Of course, securing Arizona and up to Northern California stretches out the front line more, to about 2,000 km. And moves more front lines so that you can't, at least easily, operate all your air power out of Nellis to cover your fronts. You need to spread out, eye balling it, to about 6 front line airbases. Which makes massing air power on any one front more difficult. And this anaysis of front length assumes the Mexican and ocean facing boarders are inherently secure. Securing the coastline and Mexican Boarder as well adds some 2,000 km more frontage. Where probably talking here then about 4 million men needing to be mobilized to hold everything securely, between naval forces, air forces, border patrol, response armies, police, etcetera.
Which is, well, actually doable with California's population. 40 million people, 10% mobilization, 4 million soldiers. Assuming costs of about $40,000 per soldier per year, about $160 billion in personnel costs. Probably a trillion dollars a year to equip to a reasonablish degree and maintain some reasonablish tempo of operational activity. About 30% GDP.
So, its not unreasonable to figure California could project power out to about Utah and its northern boarder. At which point, the population of the neighboring states is about 15 million, so can potentially raise about 1 million against California. Which puts them at a 4-1 disadvantage, but that's probably more like a 2-1 advantage on the actual front with logistical and occupational limits.
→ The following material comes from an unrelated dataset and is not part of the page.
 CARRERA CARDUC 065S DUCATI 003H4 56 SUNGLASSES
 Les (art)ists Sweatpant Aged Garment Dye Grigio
This might not be enough superiority to really launch agressive offenses, which generally perfer local superiority of at least 3-1, and ideally more like 10-1 or 20-1.
A major push against Wyoming, the weakest, need the amassing of about 600,000 troops to do a lighting war against it to get local 10-1 numerical superiority. The push into Wyoming also puts the troops next to states that could potentially have collectively raised an additional 400,000 troops, relatively fresh, to commit to the counter attack. This seems to be setting up for a disaster. Certainly, the last time the US enjoyed less than a 2-1 advantage, Vietnam, where we only enjoyed an in the field numerical advantage of about 1.6-1 advantage.
Vietnam and and Iraq are not really stories of small, advanced, elite armies killing huge numbers of rebels at huge casualty ratios: its the story of huge, advanced, elite armies trading more or less 1-1 casualties against armies a 1/3 their size and a 1/10 as well equipped, and still mostly losing.
Ignoring the allied troops I think gives a completely skewed view of the actual balance of power in these wars, and thus dramatically overstates how effective the US troops actually are.
edit: hopefully this isn't too rambly, this was a "thinking out loud" post.